Hacker News new | ask | show | jobs
by lolinder 859 days ago
Mistral's process for releasing new models is extremely low-information. After getting very confused by this link I tried looking for a link that has any better information, and there just isn't one.

I thought Mixtral's release was weird when they just pasted a magnet link [0] into Twitter with no information, but at least people could download and analyze it so we got some reasonable third-party commentary in between that and the official announcement. With this one there's nothing at all to go on besides the name and the black box.

[0] https://news.ycombinator.com/item?id=38570537

2 comments

Company creates blackbox technology, and the company's communications are themselves like a blackbox... fitting

(I know that Mistral does a lot more stuff in the open than other companies, just couldn't resist the parallel between this and the blackbox limitations of LLMs in general)

> for releasing new models is extremely low-information

To be fair, this is not a release. This was the previous release https://mistral.ai/news/mixtral-of-experts/

It looks more like not trying very hard to hide things until release, rather than being a black box.

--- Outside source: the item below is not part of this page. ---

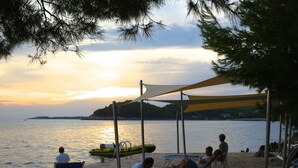 Une plage avec un sol pavé de pierres, un kayak jaune et des personnes se détendant à l’ombre.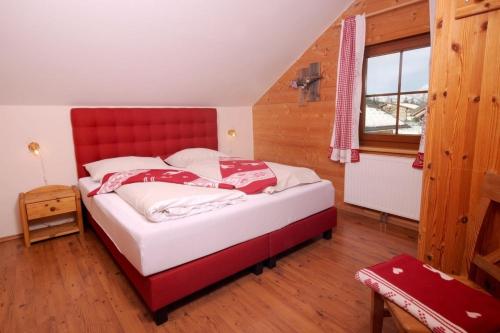 a bed in a room with a red headboard at Skiurlaub und Wanderurlaub am Katschberg Almchalet am Katschberg by FeWo-Planlan in Katschberghöhe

If this were the first incident like this I would agree, but they very intentionally dropped the magnet link for Mixtral on Twitter with no further context. That leaves me wondering if this was also a weird on purpose thing rather than just them being casual.
Does it matter? You know that if you really want to play with things early, you may get an opportunity. And if you want to read more details, you'll get an announcement too. What's the problem with it being either on purpose or casual?
It's an observation, not a complaint. It does leave very little to go on for an HN discussion, though, besides a meta conversation like this one.
Well, what could they say? Given the lack of transparency on the data it well could be:

“We’ve trained LLaMA MoE on a lot of GPT4 data. And this it is not as good as GPT4. And this is our blob, so we can release it under any license. If someone is silly enough to use what this blob generates, this is not our problem.”